◆ DATA TO PROCESS ◆
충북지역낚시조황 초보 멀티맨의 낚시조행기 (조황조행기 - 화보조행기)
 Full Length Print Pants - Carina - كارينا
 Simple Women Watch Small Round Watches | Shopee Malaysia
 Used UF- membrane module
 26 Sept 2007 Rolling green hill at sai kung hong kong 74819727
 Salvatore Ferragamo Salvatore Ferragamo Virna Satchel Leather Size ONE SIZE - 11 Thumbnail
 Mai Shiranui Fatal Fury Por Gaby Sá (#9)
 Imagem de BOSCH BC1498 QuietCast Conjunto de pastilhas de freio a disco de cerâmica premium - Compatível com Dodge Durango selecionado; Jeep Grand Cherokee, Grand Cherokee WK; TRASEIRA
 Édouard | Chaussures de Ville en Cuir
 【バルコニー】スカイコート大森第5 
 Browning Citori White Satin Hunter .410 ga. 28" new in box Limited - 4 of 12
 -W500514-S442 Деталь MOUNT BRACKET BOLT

◆ ASSIGNMENT ◆
Write every line of the material above again, exactly.

◆ SOLUTION TO THIS EXERCISE ◆
충북지역낚시조황 초보 멀티맨의 낚시조행기 (조황조행기 - 화보조행기)
 Full Length Print Pants - Carina - كارينا
 Simple Women Watch Small Round Watches | Shopee Malaysia
 Used UF- membrane module
 26 Sept 2007 Rolling green hill at sai kung hong kong 74819727
 Salvatore Ferragamo Salvatore Ferragamo Virna Satchel Leather Size ONE SIZE - 11 Thumbnail
 Mai Shiranui Fatal Fury Por Gaby Sá (#9)
 Imagem de BOSCH BC1498 QuietCast Conjunto de pastilhas de freio a disco de cerâmica premium - Compatível com Dodge Durango selecionado; Jeep Grand Cherokee, Grand Cherokee WK; TRASEIRA
 Édouard | Chaussures de Ville en Cuir
 【バルコニー】スカイコート大森第5 
 Browning Citori White Satin Hunter .410 ga. 28" new in box Limited - 4 of 12
 -W500514-S442 Деталь MOUNT BRACKET BOLT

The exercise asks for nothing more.